Chaque Palestinien en est persuadé : l’armée israélienne veut « finir la Nakba »
Il est omniprésent, à travers le symbole de la clé, réveillé aujourd’hui. « Quand ma mère a quitté notre appartement, elle a fait exactement les mêmes gestes que ceux qui ont dû partir en 1948 : elle a fermé la porte à clé et elle a mis la clé dans son sac », relate Ashraf Amritti. Avec la crainte que, comme les clés de 1948, celles de 2023 deviennent le symbole de maisons perdues et d’un retour toujours espéré et jamais réalisé.

« La Nakba, pour moi, est vivante, elle est incarnée par mon grand-père. Il a 94 ans, il en avait 19 quand il a quitté son village, Herbiyya, que les Israéliens appellent aujourd’hui Zikim et qui est juste au nord de la bande de Gaza, affirme Nader al-Ghoul, la quarantaine, journaliste et universitaire spécialiste des institutions américaines, qui vit à Chicago, aux États-Unis. Toute sa vie, il nous a raconté combien sa vie était belle, à Herbiyya. Il y faisait le commerce du raisin et des figues, les vendait à Gaza. Après le déracinement, il a tenu une épicerie, mais il ne s’est jamais remis d’avoir perdu sa terre. Et en octobre, quand les Israéliens ont ordonné aux habitants du nord de la bande de Gaza de partir vers le sud, il a refusé de quitter la maison qu’il a construite dans le quartier de Cheikh Radwan. Il disait qu’il ne voulait pas vivre un déracinement une nouvelle fois. Il a fallu le forcer. »

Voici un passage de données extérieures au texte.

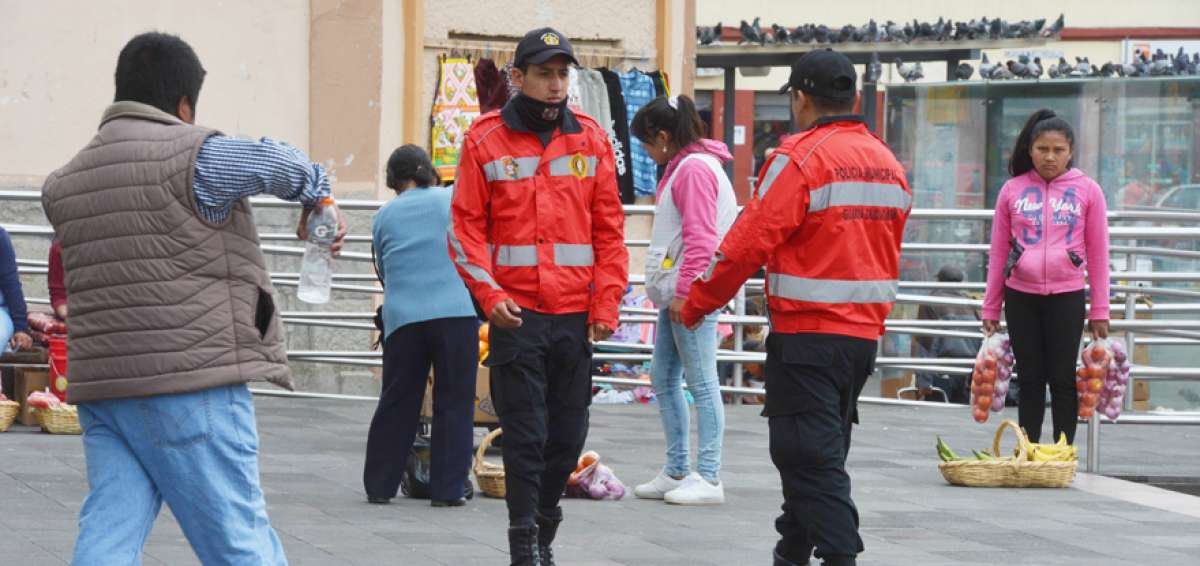 La Guardia Ciudadana, seg&uacute;n la Ordenanza, tiene facultad para levantar sanciones a los infractores de los espacios p&uacute;blicos de la capital azuaya.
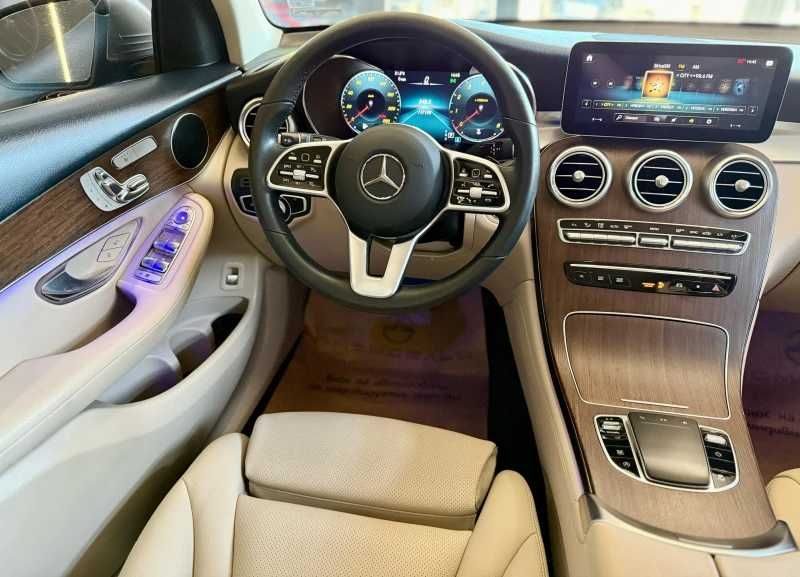 Продавам Мерцедес GLC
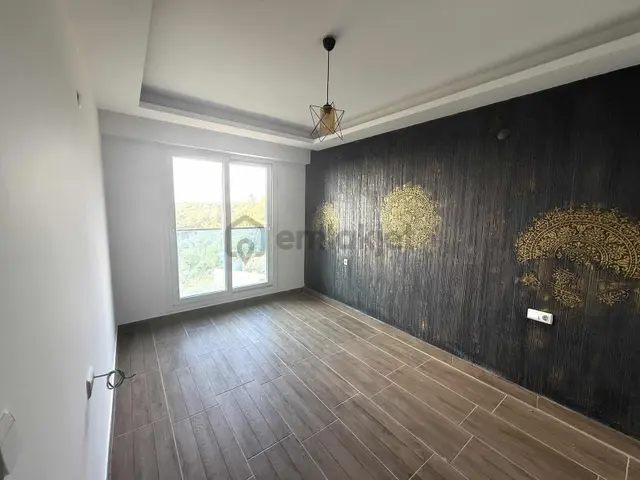 Kuşadası Eşin Golf Sitesinde Satılık 1+1 2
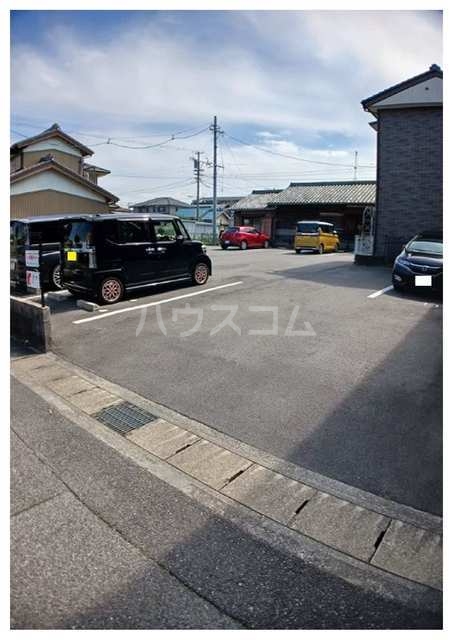 14/20 駐車場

Car ce nouveau déracinement n’est pas seulement géographique. Une fois de plus, les liens sociaux risquent d’être brisés. Après 1948, les déplacés avaient tenté de les recréer en organisant les camps de réfugiés sur le modèle des villages et des villes d’où ils avaient été arrachés.

C’est déjà une seconde Nakba, parce que le nord de Gaza est inhabitable. Et Israël dit que les gens n’y retourneront pas.

Nour Odeh, analyste
Des histoires comme celle du grand-père de Nader al-Ghoul sont légion. Pas seulement chez les personnes âgées, qui ont vécu la Nakba dans leur chair. « Quand un de mes amis, du camp de réfugiés de Chati [dans le nord de la bande de Gaza – ndlr] s’est résolu à partir vers le sud, son fils, un adolescent en deuxième année de lycée, l’a accusé d’être un lâche, de s’enfuir, de faire ce que ses propres parents avaient fait, de participer à cette Nakba, de faire de nous des réfugiés, une fois de plus. Il a dû mettre les deux de force dans la voiture, son fils et son père, qui ne voulait pas partir non plus », raconte Nour Odeh.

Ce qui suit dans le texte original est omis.